# New Cal 20 Owner



## alisonwright (Aug 11, 2010)

Top o' the morning!

I have recently purchased a 1969 Cal 20. I think it was built in Vancouver by Crown/Calgan Marine. The hull is in good shape...the mast not so much. A "bosun's helper" on the jib halyard has chafed the mast pretty badly. We are considering having an aluminium sleeve put over the weakened spot. We have also replaced the maststep with a new one from Seals Rigging in California. Another project is to tidy up the hatch cover. We've removed the cover to find that the wood along the sides of the cover has rotted. Anyone out there with an idea on how to get the hatch back on once the wood has been replaced?

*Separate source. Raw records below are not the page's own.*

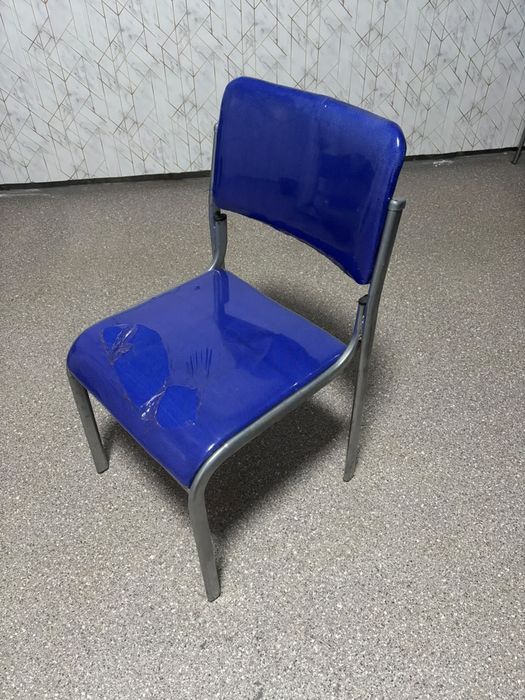 Продаются офисные стулья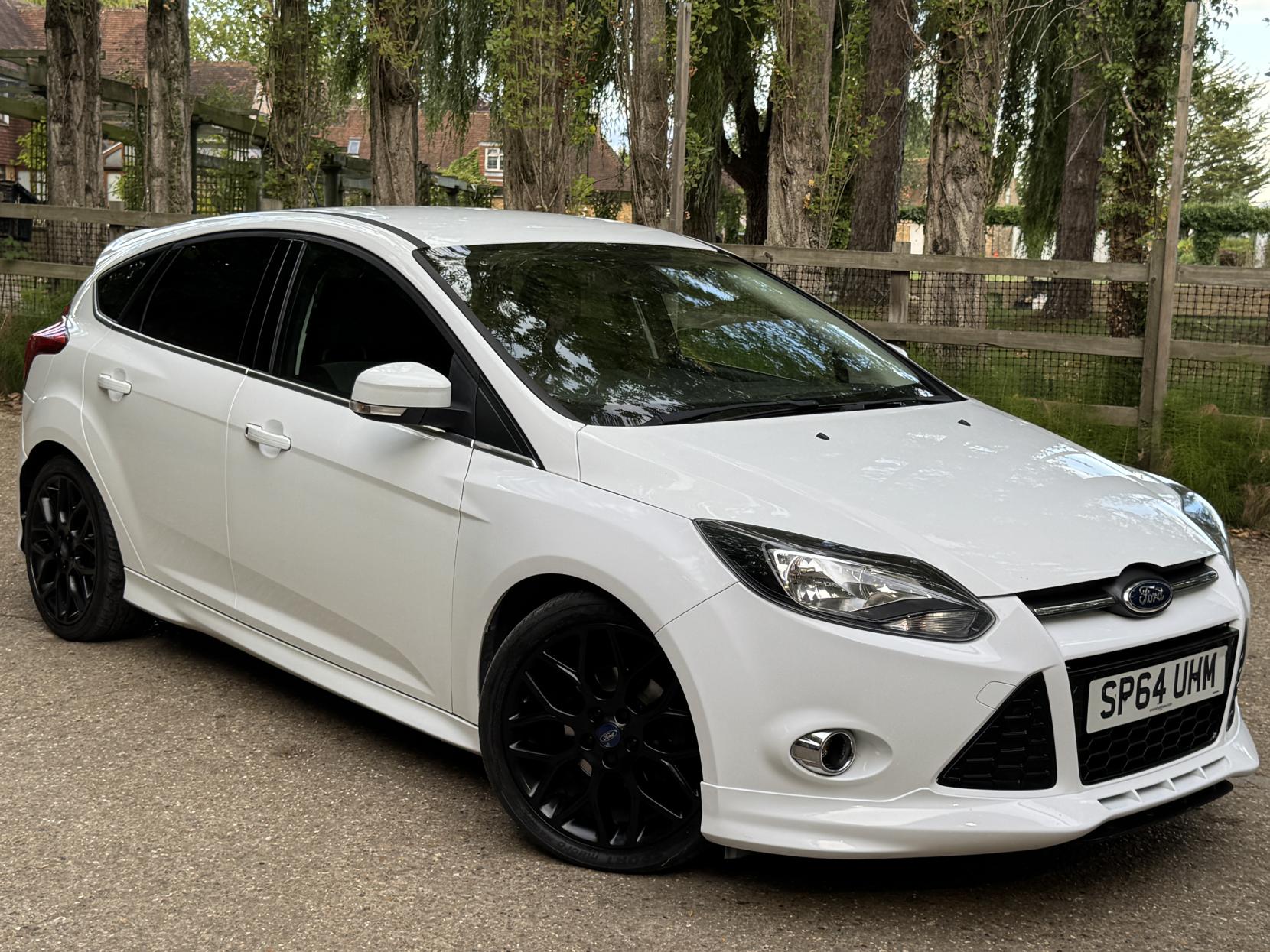 Ford Focus 1.0T EcoBoost Zetec S Hatchback 5dr Petrol Manual Euro 5 (s/s) (125 ps)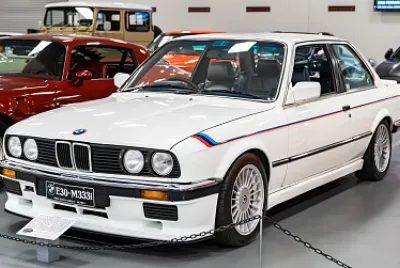 BMW 333i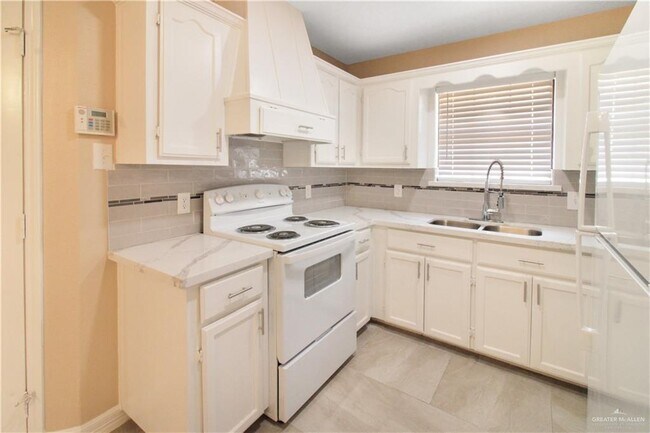 Building Photo - 28 N Champagne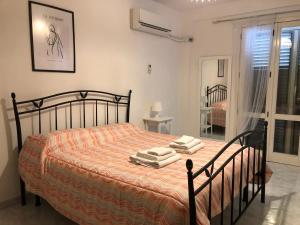 Un pat sau paturi într-o cameră la Casa vacanze La stella marina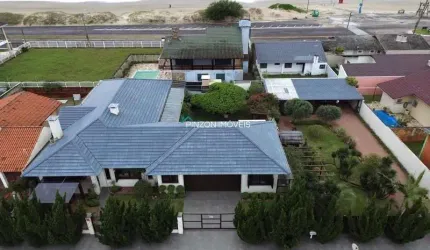 Propriedade com 02 terrenos a 50 metros da praia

I'm very excited about this little boat. Can hardly wait to get her back sailing! Would welcome any and all ideas about the Cal 20 ...

Thanks!


----------



## rorider (Dec 24, 2009)

alisonwright said:


> Top o' the morning!
> 
> I have recently purchased a 1969 Cal 20. I think it was built in Vancouver by Crown/Calgan Marine. The hull is in good shape...the mast not so much. A "bosun's helper" on the jib halyard has chafed the mast pretty badly. We are considering having an aluminium sleeve put over the weakened spot. We have also replaced the maststep with a new one from Seals Rigging in California. Another project is to tidy up the hatch cover. We've removed the cover to find that the wood along the sides of the cover has rotted. Anyone out there with an idea on how to get the hatch back on once the wood has been replaced?
> 
> ...


Cal 20's enjoy active fleets all over. You don't say where you are so my advice is to go to Cal 20 Class Association > Home (the Cal 20 Association) and look under fleets to find the Cal 20 group nearest you.

Once you make contact with that group I'm sure you will find all the resources in your area you need, and likely more that you'd imagined.

It will also introduce you to the local Cal 20 racing community so you can sharpen your sailing skills further.


----------



## alisonwright (Aug 11, 2010)

*Cal 20*

Thanks for your input. I've found the local Cal 20 Fleet in Vancouver, B.C. No doubt they'll be a great resource to know about.

Happy sailing.


----------